Hey mathletes I need help with question 17. Anyone know how to

it's indeterminate at the value x=2, which means it's 0/0. Take the derivative of the top and the derivative of the bottom evaluated at x=2

i tought my math was difficult, damn

>>723405199
nice b8 m8

you should really have no trouble with 17 if you were able to do any of the other problems, all of these limits involve indeterminate functions

>>723404904
the function f has two possible outputs. an equation or k. Therefore the function is continuous if k equals the equation.

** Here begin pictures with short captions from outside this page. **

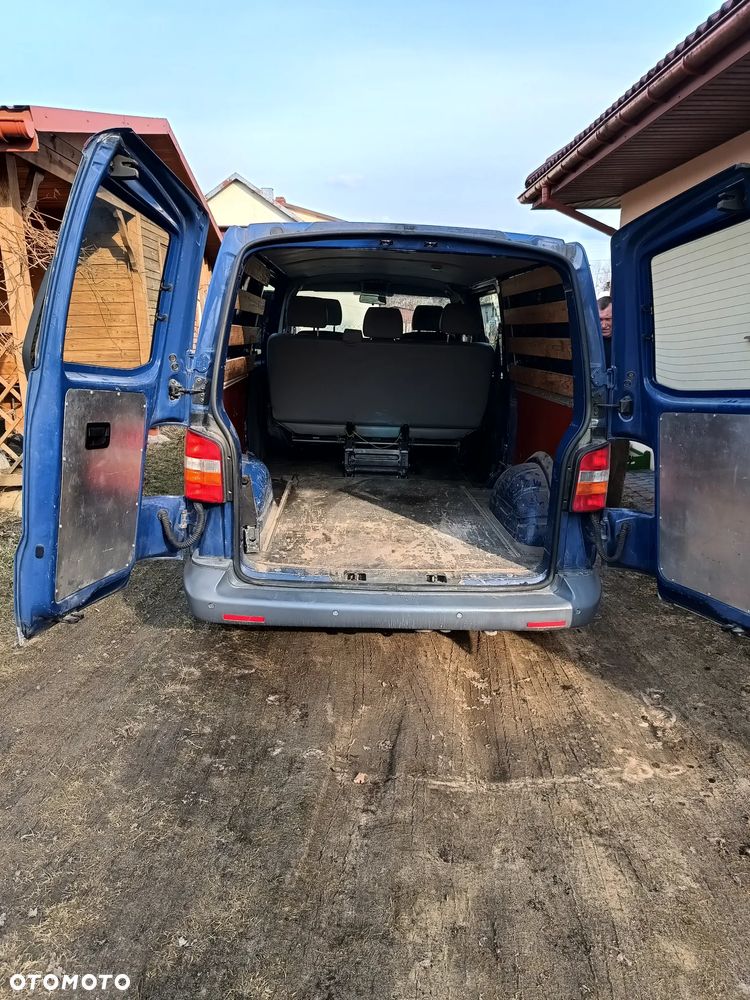 Volkswagen Transporter Shuttle Lang - 7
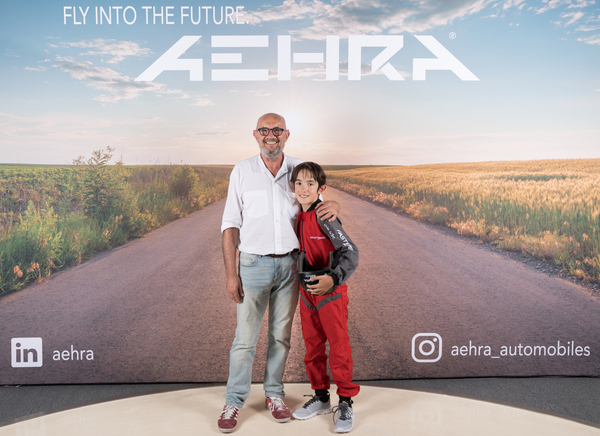 AEHRA Launch Party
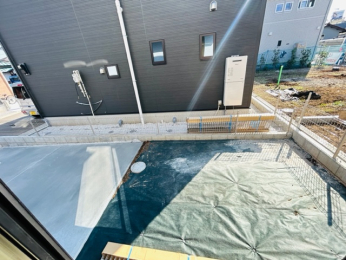 住戸からの眺望写真 -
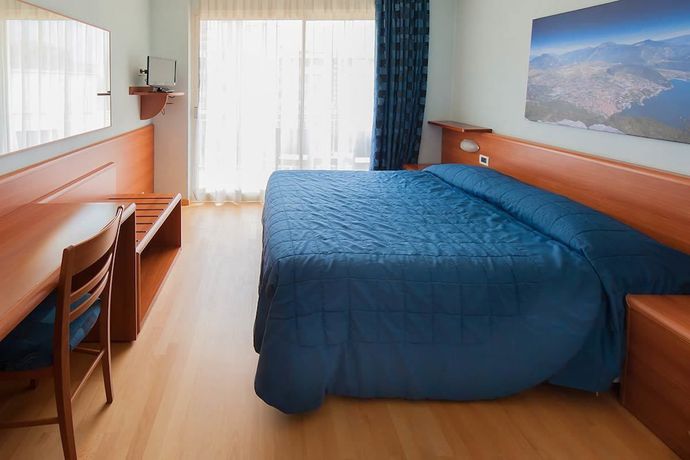 Imagen de la habitación del Hotel Gabry, Riva del Garda. Foto 9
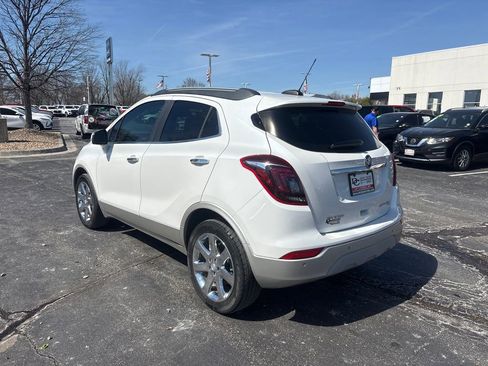 Used 2017 Buick Encore Premium w/ Experience Buick Package image 8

Probably you should put -(2/7) as x into the equation an chose the result as k.

>>723405703
Not necessarily. Some of them you can just factor out some (x-a) to get rid of the singularity in the denominator

>>723405864
okay. doesn't work. You can't do it.

gr8 b8 m8

>>723404904
Pls add sets to the top of the function

Answer is 8. Multiply top and bottom by the conjugate of the denominator and it's easy after that

Thank everyone for replying

>>723404904
>Answer is 8. Multiply top and bottom by the conjugate of the denominator and it's easy after that
Thank you :)

As said, in x=2, the fraction is undefined (otherwise, it would give 0/0). So you want to know what the fraction tends to when x approaches 2. Then you would make k equal this limit.

The way to do it here is to multiply both the numerator and denominator by:

√(7x+2) + √(6x+4)

The denominator becomes:

(7x+2) - (6x+4) = x-2

which cancels out with the x-2 of the numerator, leaving:

f(x) = √(7x+2) + √(6x+4), if x≥-2/7 and x≠2

Calculate the limit of this function when x approaches 2: you get 4+4 = 8, your value of k.

>>723408566

Fuck! Took me too long to find those stupid symbols and write the whole thing. Hope it helps, though.